I did explain that while we would be using this algorithm, I would be breaking it down into smaller pieces for us to work with.  I just wanted them to be aware that there was an algebraic algorithm and to expose them to what it looked like.  It allowed me to use and explain terms such as variable, GEMDAS, and algebraic equation.

A nice explanation of how to calculate this is found at https://plus.maths.org/content/what-day-week-were-you-born .  This is something you will want to work through before presenting it to your students, but once you understand it, it is easy to explain.

Once we completed the math, we actually went online and tested our answer using Math is Fun.  The kids loved this.

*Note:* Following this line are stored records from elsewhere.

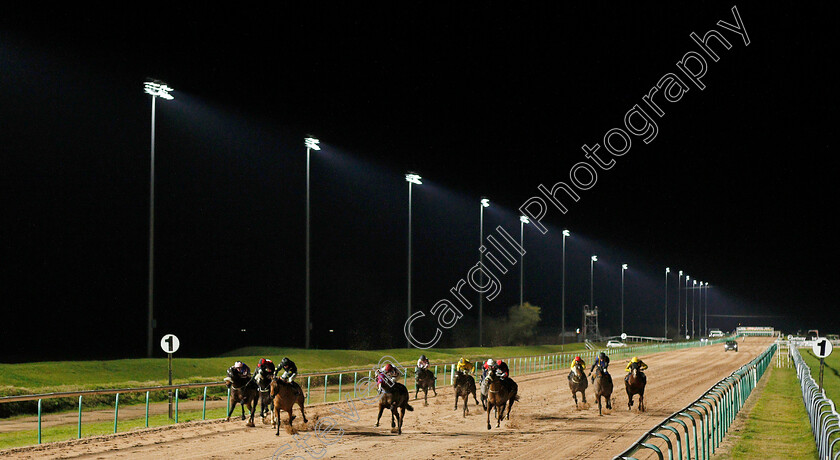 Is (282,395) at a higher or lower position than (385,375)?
lower

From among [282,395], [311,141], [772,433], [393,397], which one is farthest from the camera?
[311,141]

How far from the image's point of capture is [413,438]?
14.4 meters

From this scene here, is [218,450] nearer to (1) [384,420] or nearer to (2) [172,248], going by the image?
(1) [384,420]

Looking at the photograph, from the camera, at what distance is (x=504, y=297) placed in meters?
87.2

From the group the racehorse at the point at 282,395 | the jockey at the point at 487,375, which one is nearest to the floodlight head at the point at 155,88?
the racehorse at the point at 282,395

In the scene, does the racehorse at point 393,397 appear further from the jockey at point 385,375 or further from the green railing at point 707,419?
the green railing at point 707,419

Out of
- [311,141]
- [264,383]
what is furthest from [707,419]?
[311,141]

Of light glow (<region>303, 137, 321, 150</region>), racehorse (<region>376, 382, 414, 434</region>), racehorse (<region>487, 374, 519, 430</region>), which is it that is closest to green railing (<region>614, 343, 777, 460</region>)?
racehorse (<region>487, 374, 519, 430</region>)

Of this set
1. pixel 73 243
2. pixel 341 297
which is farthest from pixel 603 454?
pixel 341 297

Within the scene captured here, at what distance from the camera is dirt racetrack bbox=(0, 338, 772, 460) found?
493 inches

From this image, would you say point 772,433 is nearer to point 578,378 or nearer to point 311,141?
point 578,378

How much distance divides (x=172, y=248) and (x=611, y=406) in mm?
37745

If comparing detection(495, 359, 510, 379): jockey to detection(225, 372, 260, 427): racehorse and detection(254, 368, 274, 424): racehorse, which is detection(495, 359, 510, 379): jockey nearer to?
detection(254, 368, 274, 424): racehorse

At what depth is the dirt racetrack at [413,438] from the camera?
12.5 m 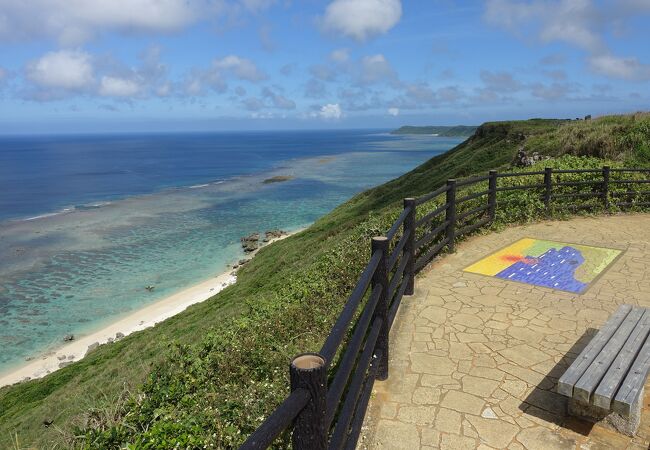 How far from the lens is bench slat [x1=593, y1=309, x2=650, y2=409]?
3.77 m

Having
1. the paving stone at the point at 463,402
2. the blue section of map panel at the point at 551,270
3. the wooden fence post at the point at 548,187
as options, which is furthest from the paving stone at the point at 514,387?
the wooden fence post at the point at 548,187

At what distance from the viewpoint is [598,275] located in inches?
322

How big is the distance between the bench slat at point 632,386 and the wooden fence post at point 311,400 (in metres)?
2.87

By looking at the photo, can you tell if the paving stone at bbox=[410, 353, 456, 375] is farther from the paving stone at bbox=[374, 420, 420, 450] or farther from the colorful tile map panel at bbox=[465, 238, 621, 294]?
the colorful tile map panel at bbox=[465, 238, 621, 294]

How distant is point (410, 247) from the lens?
7.07 meters

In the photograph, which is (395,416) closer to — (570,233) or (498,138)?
(570,233)

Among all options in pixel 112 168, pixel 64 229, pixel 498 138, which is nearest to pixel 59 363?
pixel 64 229

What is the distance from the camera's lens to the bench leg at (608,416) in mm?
3990

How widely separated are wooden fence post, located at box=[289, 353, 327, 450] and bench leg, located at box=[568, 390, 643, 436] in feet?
10.1

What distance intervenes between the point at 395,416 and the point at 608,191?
38.1ft

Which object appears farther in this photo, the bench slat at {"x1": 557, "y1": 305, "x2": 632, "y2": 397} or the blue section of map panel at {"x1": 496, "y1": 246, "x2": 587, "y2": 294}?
the blue section of map panel at {"x1": 496, "y1": 246, "x2": 587, "y2": 294}

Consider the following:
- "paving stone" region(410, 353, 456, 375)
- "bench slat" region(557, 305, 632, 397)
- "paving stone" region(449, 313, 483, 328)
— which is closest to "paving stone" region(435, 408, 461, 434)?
"paving stone" region(410, 353, 456, 375)

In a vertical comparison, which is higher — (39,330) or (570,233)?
(570,233)

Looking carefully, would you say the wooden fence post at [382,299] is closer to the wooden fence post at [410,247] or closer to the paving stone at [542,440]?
the paving stone at [542,440] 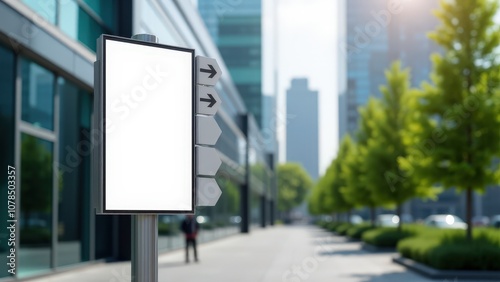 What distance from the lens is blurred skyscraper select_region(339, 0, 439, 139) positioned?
520 ft

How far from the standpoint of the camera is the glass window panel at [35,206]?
14.8 meters

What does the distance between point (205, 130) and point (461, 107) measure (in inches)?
602

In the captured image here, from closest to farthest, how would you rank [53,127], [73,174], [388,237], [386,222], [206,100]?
[206,100] < [53,127] < [73,174] < [388,237] < [386,222]

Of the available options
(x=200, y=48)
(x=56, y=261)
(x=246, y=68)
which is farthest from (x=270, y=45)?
(x=56, y=261)

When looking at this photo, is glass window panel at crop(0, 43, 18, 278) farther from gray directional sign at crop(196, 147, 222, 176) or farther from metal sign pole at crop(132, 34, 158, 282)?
gray directional sign at crop(196, 147, 222, 176)

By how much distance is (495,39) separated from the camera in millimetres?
19969

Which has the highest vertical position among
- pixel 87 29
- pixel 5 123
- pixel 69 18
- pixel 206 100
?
pixel 87 29

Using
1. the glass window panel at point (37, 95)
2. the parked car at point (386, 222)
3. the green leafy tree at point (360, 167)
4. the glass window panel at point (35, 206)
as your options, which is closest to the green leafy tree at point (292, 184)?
the parked car at point (386, 222)

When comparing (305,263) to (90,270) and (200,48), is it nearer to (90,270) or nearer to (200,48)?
(90,270)

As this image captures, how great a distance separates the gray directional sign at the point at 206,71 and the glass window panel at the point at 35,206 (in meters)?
9.98

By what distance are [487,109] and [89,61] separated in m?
11.1

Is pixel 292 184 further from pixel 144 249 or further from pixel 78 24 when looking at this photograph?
pixel 144 249

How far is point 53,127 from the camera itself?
17031 mm

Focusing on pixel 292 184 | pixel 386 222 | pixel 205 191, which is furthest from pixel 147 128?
pixel 292 184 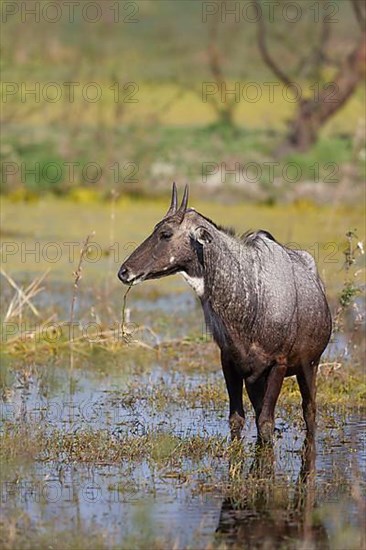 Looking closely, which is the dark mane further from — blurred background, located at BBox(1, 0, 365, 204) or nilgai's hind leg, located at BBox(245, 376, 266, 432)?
blurred background, located at BBox(1, 0, 365, 204)

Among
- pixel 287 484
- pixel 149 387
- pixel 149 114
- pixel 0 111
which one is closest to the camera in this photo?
pixel 287 484

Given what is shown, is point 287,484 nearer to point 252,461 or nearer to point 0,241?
point 252,461

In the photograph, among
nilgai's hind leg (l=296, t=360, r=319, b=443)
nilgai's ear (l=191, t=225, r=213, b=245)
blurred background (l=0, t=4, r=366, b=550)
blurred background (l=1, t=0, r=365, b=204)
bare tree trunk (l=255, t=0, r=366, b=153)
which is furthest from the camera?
bare tree trunk (l=255, t=0, r=366, b=153)

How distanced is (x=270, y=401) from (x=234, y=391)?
1.03 ft

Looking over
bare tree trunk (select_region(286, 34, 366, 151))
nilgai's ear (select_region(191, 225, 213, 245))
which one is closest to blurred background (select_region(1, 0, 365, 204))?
bare tree trunk (select_region(286, 34, 366, 151))

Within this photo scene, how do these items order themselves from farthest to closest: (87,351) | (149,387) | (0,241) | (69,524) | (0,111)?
1. (0,111)
2. (0,241)
3. (87,351)
4. (149,387)
5. (69,524)

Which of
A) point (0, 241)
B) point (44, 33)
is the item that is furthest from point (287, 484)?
point (44, 33)

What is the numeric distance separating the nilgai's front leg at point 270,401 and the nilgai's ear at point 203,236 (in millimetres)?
958

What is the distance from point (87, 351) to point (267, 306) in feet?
12.2

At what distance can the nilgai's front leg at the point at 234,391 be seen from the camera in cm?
944

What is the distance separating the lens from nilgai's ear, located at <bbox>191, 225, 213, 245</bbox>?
916 centimetres

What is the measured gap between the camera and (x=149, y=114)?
2511 cm

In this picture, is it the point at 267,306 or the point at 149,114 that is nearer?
the point at 267,306

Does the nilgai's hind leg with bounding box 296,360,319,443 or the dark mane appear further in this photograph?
the nilgai's hind leg with bounding box 296,360,319,443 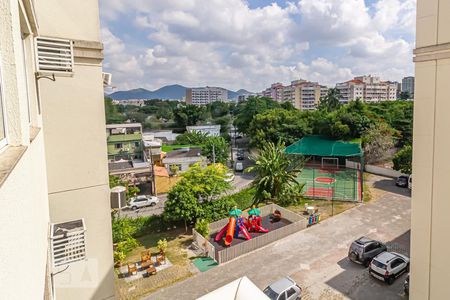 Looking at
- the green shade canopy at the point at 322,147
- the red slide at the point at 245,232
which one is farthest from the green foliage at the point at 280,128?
the red slide at the point at 245,232

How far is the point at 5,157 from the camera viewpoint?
193 cm

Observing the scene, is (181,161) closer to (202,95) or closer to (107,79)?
(107,79)

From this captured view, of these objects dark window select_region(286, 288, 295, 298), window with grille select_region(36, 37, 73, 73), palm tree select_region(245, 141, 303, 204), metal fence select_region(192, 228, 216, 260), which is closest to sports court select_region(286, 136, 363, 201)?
palm tree select_region(245, 141, 303, 204)

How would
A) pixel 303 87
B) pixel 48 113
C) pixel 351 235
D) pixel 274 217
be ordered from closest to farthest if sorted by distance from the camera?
pixel 48 113 < pixel 351 235 < pixel 274 217 < pixel 303 87

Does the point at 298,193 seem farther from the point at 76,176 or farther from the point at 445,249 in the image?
the point at 76,176

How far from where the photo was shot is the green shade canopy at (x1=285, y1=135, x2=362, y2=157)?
1176 inches

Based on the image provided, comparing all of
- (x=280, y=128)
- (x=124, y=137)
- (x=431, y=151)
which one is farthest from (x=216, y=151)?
(x=431, y=151)

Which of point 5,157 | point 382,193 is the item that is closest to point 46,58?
point 5,157

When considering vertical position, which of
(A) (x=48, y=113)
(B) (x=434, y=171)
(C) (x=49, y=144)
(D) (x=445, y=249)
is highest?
(A) (x=48, y=113)

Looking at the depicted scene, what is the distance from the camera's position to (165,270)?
1345cm

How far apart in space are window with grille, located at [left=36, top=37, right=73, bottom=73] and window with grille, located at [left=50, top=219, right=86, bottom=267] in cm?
226

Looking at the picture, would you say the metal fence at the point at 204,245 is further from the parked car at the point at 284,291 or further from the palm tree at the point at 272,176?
the palm tree at the point at 272,176

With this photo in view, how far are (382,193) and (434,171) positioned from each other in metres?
20.3

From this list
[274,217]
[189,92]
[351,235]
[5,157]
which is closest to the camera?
[5,157] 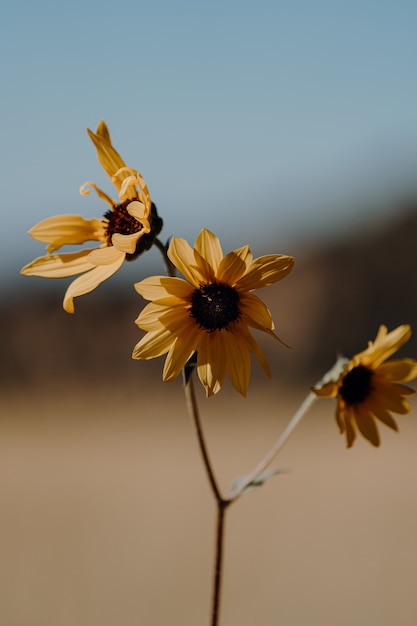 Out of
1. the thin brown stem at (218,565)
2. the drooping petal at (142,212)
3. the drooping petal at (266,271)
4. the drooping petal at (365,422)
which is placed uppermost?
the drooping petal at (142,212)

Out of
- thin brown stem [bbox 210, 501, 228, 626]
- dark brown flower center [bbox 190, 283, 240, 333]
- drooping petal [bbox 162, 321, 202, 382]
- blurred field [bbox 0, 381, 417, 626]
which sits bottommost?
blurred field [bbox 0, 381, 417, 626]

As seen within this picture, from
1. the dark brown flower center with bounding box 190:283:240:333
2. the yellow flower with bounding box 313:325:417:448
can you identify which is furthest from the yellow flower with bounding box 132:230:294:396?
the yellow flower with bounding box 313:325:417:448

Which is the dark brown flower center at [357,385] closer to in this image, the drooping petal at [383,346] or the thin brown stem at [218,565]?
the drooping petal at [383,346]

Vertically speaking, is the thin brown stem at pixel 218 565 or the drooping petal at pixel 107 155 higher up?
the drooping petal at pixel 107 155

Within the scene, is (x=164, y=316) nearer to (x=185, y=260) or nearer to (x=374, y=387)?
(x=185, y=260)

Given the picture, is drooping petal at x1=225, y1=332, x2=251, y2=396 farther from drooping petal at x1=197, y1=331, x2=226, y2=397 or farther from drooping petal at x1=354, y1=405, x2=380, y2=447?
drooping petal at x1=354, y1=405, x2=380, y2=447

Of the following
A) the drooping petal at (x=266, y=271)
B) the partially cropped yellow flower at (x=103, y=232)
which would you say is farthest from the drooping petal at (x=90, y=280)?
the drooping petal at (x=266, y=271)

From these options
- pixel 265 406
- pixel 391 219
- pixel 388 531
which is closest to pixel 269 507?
pixel 388 531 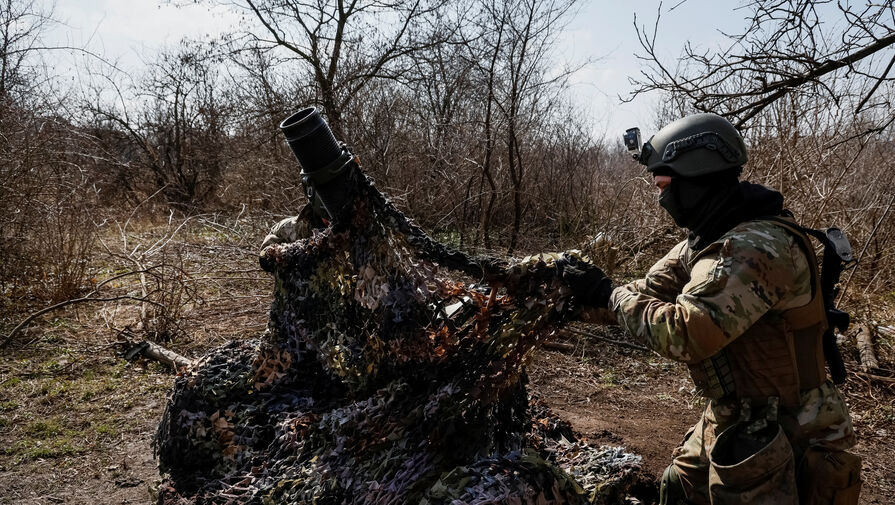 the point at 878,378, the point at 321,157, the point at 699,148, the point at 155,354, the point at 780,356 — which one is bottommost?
the point at 878,378

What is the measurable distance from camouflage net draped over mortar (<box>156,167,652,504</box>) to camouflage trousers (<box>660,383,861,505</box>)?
510 millimetres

Now they were hooked and eager to discover more math about themselves.  The next activity I chose to use allowed them to find the (approximate) number of seconds they have been alive.  It was approximate as we did not calculate from the moment of birth.  For upper grades you can have a more precise calculation, but for my purposes, we used general information and a calculator.
1. We wrote down how old we were.
2. We multiplied our age x 12 and added the number of months from our last birthday to today, to give us the number of months.
3. Next we moved to weeks, using the above answer, we multiplied by 4, as there are about 4 weeks per month.
4. Now it was time for days, since there are 7 days in a week, we multiplied the answer above by 7.
5. Hours:  multiply above answer by 24
6. Minutes:  multiply above answer by 60
7. Seconds:  multiply above answer by 60
I know that there are additional ways to do this and probably more accurate, but I just wanted my students to have fun with math the first day of school.  What they really enjoyed was comparing their answers to a website that gives a much more accurate answer, Math Cats.  My students loved comparing their answers, and while their estimates were much lower, they were within a reasonable range!

1. The seconds are changing constantly and every minute the minutes change, etc.
2. If you new the exact time you were born, you could add that information into the program and see EXACTLY how many seconds old you were!

Close

To close the lesson, I asked my students to explain how the two activities we completed may have changed their mind about math.

Two of my favorite responses:

I have to admit this changed my mind about math class.  We had a spectacular time and didn't realize we were learning.  Mrs. Dittrich, I have to say, you changed my mind about the class.

It changed my mind about math because it was so much fun, but we were still learning.  I will look forward to coming to math class even more.